Isabelle Filliozat a écrit un livre intitulé "il n'y a pas de parent parfait" : Etre parent est une grande aventure. Une aventure fabuleuse ... qui se révèle pourtant très éprouvante physiquement et émotionnellement. L'éducation se trouve souvent au centre des conversations.
Il y a les adeptes de la fessée, ceux qui ne jurent que par les limites et ceux qui prêchent la liberté. Pourquoi tant de passion ? Parce qu'au-delà des théories il y a notre inconscient. Nos blessures, notre histoire.
On ne s'aime pas toujours dans son rôle de parent. On se surprend parfois à agir comme sa propre mère alors qu'on s'était promis de faire le contraire. Nous aimerions ne trouver en nous, pour nos enfants, qu'amour et tendresse. Ce n'est pas si simple. Faxe aux débordements et aux transgressions de l'enfant, le parent se sent parfois démuni, exaspéré.

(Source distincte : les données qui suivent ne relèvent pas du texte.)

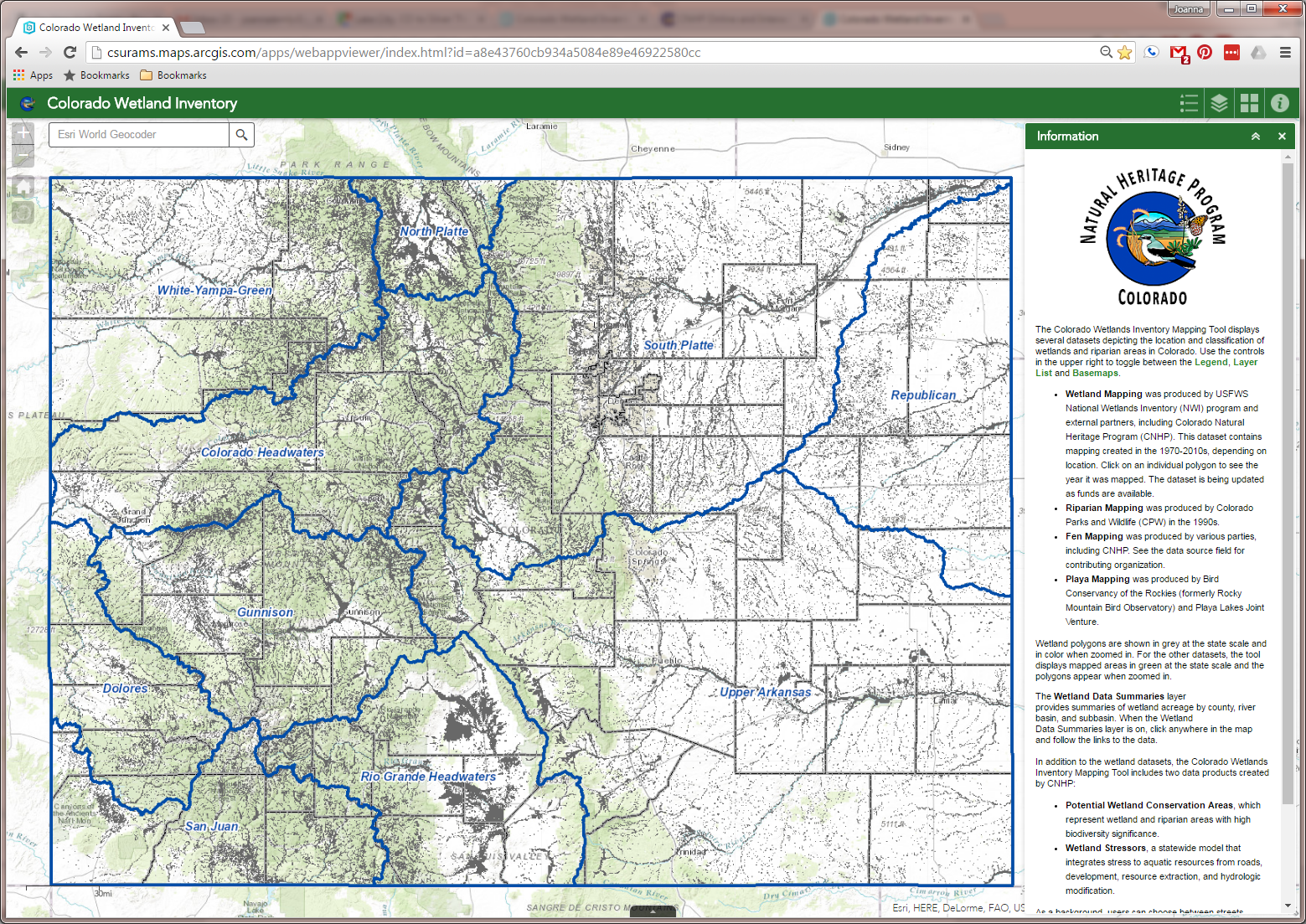 Colorado Wetland Inventory Mapping Tool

L'objet de cette passionnante enquête d'Isabelle Filliozat est de mieux comprendre ce qui se joue en nous lorsque nous hurlons contre Paul ou nous trouvons incapable de dire non à Julie. Elle propose des pistes et des exercices pratiques pour ne plus se sentir coupable de ne pas y arriver... Afin de retrouver la liberté d'être le parent que nous désirons être.